Sit-in, Go-in, Talk-in, Dance-in, Sing-in - das alles und noch viel mehr war möglich im Kino Bleibtreustraße 12. Der Veranstaltungsflyer von Anfang 1968 zeigt Buddha, ein Auto-Magazin und Demonstranten mit dem Transparent "Wir fordern veritas iustitia libertas statt Zwangsanstalt". Drinnen gab es Hannes Wader, Ingo Insterburg und die Reizzwecken. Schöne Mischung. Die Protest-Life-Balance stimmte im Westberlin des anbrechenden Jahres der Bewegung.
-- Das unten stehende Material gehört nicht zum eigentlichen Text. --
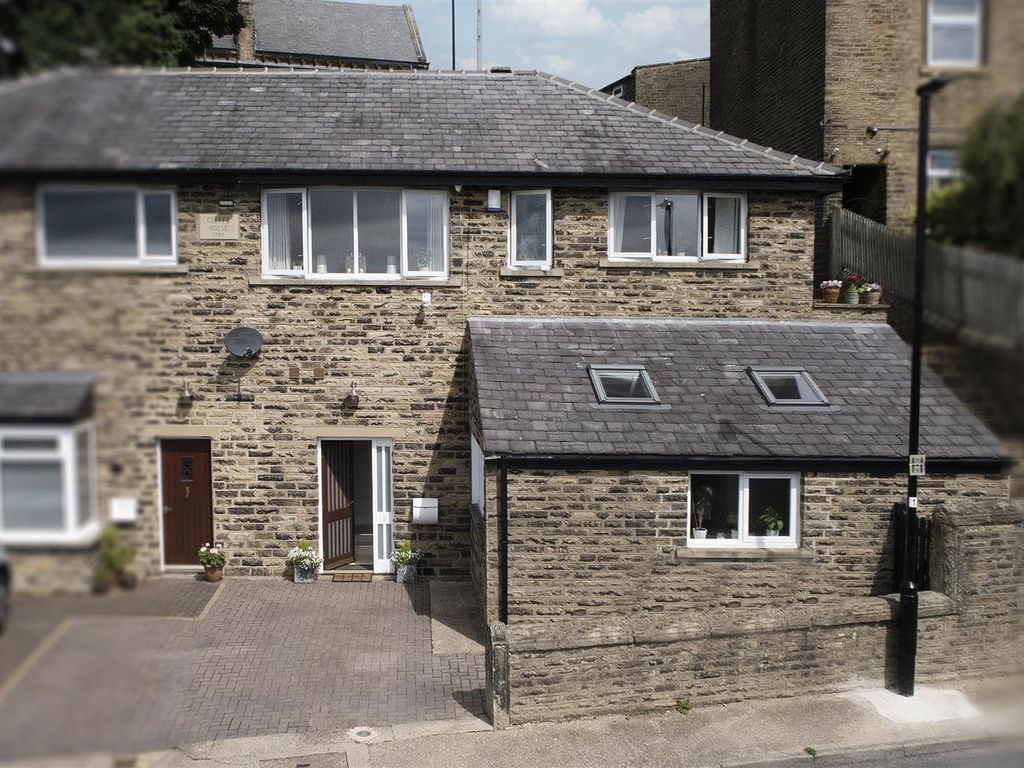 3 bed semidetached house for sale in Cliffe Hill Lane, Warley, Halifax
Revolutionären Schwung gab schon das Jahr 1967 mit: Am 2. Juni hatte die Polizei eine Protestdemonstration gegen den Besuch des Schahs von Persien knüppelnd auseinandergetrieben. Der Polizist Karl-Heinz Kurras hatte Benno Ohnesorg, 26, Student der Romanistik und Germanistik, erschossen. In der Frontstadt hatte von 1957 bis 1966 Willy Brandt regiert, nun stand der links-pragmatische SPDler Klaus Schütz dem Senat vor. Beide in den Augen der bewegten Studenten keine wackeren Vertreter der Demokratie, sondern des repressiven Systems. Nicht ohne Spaß rief man: "Brecht dem Schütz die Gräten, alle Macht den Räten!"

Dass es um alles und jedes ging, zeigt ein Flugblatt des Sozialistischen Deutschen Studentenbundes (SDS, ein Hauptakteur). Es erschien kurz nachdem Steine gegen Filialen des Springerkonzerns geflogen waren. Da stand: "Was sind Steine gegen die Macht des millionenschweren Springers? Springer trägt die Uniform der Nazis, heftet sich den Judenstern an. Was sind Eier gegen das Amerikahaus im Vergleich zu…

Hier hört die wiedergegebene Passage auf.